At follow-up imaging 7 days after interstitial thermotherapy, RF-induced lesions were again best visualized on STIR and contrast-enhanced SE T1-weighted images (Table 3), but differences in CNR were not statistically significant. On transverse contrast-enhanced SE T1-weighted images, lesions were 1.3–1.6 cm (mean, 1.5 cm ± 0.1) in diameter and were slightly larger when compared with lesions on the images acquired immediately after intervention but were not sufficiently different to achieve statistical significance (P = .44). Signs of neither necrotizing pancreatitis nor peritonitis were visible on follow-up images. No dilation of the common bile duct or pancreatic duct was observed. One pig demonstrated localized peripancreatitis of the fatty tissue; minor thermal damage of the upper pole of the left kidney (pancreatic tail ablation) was also visible in the same animal. In another pig, a 4 x 3 x 2-cm hematoma (pancreatic body ablation), as noted immediately after electrode insertion, was still visible.

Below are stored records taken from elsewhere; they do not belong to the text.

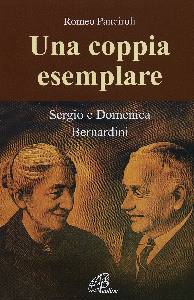 PANCIROLI ROMEO, Una coppia esemplare. Sergio e Domenica Bernardini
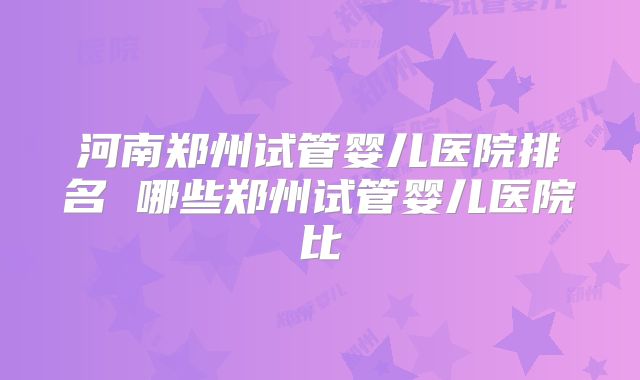 河南郑州试管婴儿医院排名 哪些郑州试管婴儿医院比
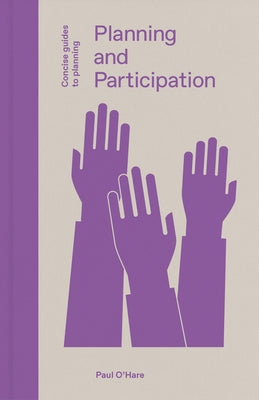 Planning and Participation by O'Hare, Paul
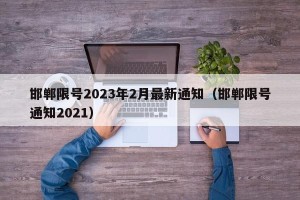 邯郸限号2023年2月最新通知（邯郸限号通知2021）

In the last two pigs from which blood samples were taken, neither the amylase nor the lipase level demonstrated significant elevation over baseline at any time during the interventional procedure, at 20 minutes after ablation, or in the 7 days following interstitial thermotherapy. Baseline values were 3,514 U/L and 3,520 U/L for amylase and less than 20 U/L each for lipase. The maximum amylase level was 3,540 U/L as measured 20 minutes after ablation. Lipase levels were always lower than 20 U/L.

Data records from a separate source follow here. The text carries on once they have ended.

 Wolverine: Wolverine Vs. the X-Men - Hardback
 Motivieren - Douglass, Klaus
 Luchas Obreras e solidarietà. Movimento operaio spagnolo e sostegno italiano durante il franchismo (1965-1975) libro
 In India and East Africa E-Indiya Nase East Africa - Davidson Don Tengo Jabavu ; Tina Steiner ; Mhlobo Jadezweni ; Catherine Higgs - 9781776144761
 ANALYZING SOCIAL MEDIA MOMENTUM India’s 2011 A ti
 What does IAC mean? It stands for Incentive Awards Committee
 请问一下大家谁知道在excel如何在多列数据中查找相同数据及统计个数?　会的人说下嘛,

At gross pathologic examination, it was noted that the thermal lesion reached the serosa of the duodenal wall in one pig, without evidence of ulceration. Another pig demonstrated localized minor exudative inflammation of the pancreatic tail and thermal damage (3.5 x 1.5 cm) to the upper pole of the left kidney. Also, the hematoma noted at imaging was grossly visible at dissection. At pathologic examination, the lesion diameter was 1.2–1.5 cm (mean, 1.4 cm ± 0.1) (Table 2). At gross examination, specimens demonstrated a clearly demarcated needle track and surrounding yellow-colored necrosis with well-defined and sharp margins (Fig 3). At histologic examination, the central yellow zone correlated with tissue coagulation with sharp serpiginous edges and a marginal reactive zone with neutrophilic infiltration. This was surrounded by a broad zone of granulation tissue with inflammatory infiltration by neutrophils, lymphocytes, histiocytes, plasma cells, and eosinophils.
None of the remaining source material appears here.